使用卫星数据集，创建并训练一个投票分类器，由随机森林、逻辑回归和svc三种不同的分类器组成

In [2]:
from sklearn.ensemble import RandomForestClassifier,VotingClassifier
from sklearn.linear_model import LogisticRegression
from sklearn.svm import SVC

In [7]:
from sklearn.datasets import make_moons
from sklearn.model_selection import train_test_split
x,y = make_moons(n_samples=10000,noise=0.4)
print(len(x))
x_train,x_test,y_train,y_test = train_test_split(x,y,test_size = 0.2,random_state=42)
print(len(x_train))

10000
8000


In [17]:
rf_clf = RandomForestClassifier()
lr_clf = LogisticRegression(solver='lbfgs')
svc_clf = SVC()
voting_clf = VotingClassifier(estimators = [('rf_clf',rf_clf),('lr_clf',lr_clf),('svc_clf',svc_clf)],voting='hard')

from sklearn.metrics import accuracy_score
for clf in (lr_clf,svc_clf,rf_clf,voting_clf):
    clf.fit(x_train,y_train)
    accuracy = accuracy_score(y_test,clf.predict(x_test))
    print('classifier:{},accuracy:{}'.format(clf.__class__.__name__,accuracy))

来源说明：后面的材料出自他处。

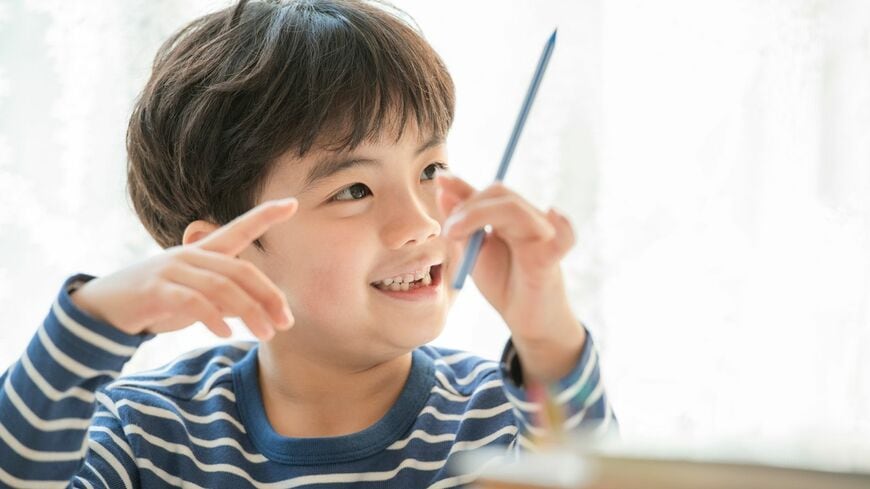 小学校受験をしなくても、早期教育は必要なのでしょうか（写真：PanKR／PIXTA）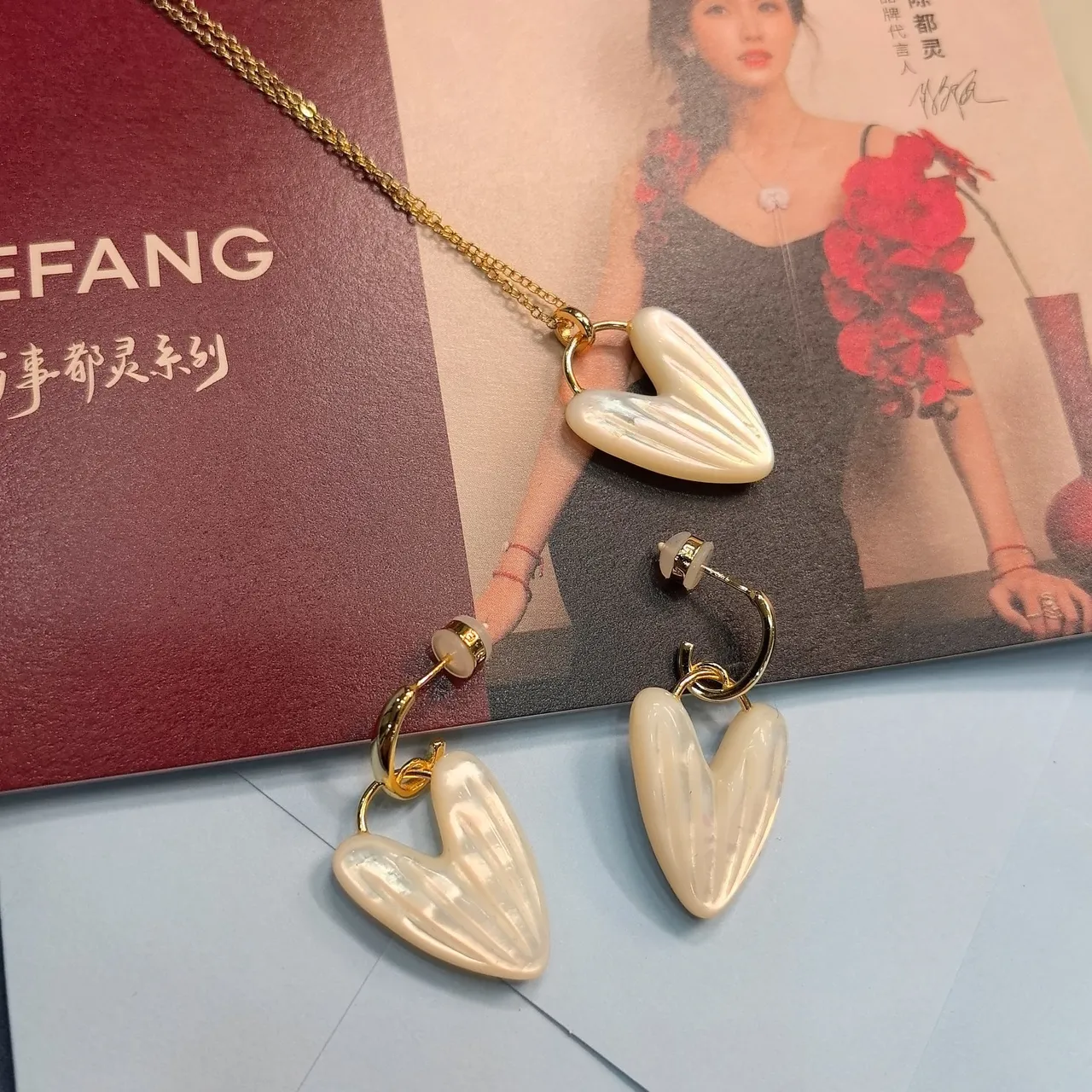 Boucles d'oreilles en forme de cœur beige doré irisé en forme de coquille 2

classifier:LogisticRegression,accuracy:0.8195




classifier:SVC,accuracy:0.854
classifier:RandomForestClassifier,accuracy:0.8125




classifier:VotingClassifier,accuracy:0.848


将硬投票改为软投票试试，由于svm在默认情况下不支持估算出概率，必须将probability设置为True

In [18]:
rf_clf = RandomForestClassifier()
lr_clf = LogisticRegression(solver='lbfgs')
svc_clf = SVC(probability=True)
voting_clf = VotingClassifier(estimators = [('rf_clf',rf_clf),('lr_clf',lr_clf),('svc_clf',svc_clf)],voting='soft')

from sklearn.metrics import accuracy_score
for clf in (lr_clf,svc_clf,rf_clf,voting_clf):
    clf.fit(x_train,y_train)
    accuracy = accuracy_score(y_test,clf.predict(x_test))
    print('classifier:{},accuracy:{}'.format(clf.__class__.__name__,accuracy))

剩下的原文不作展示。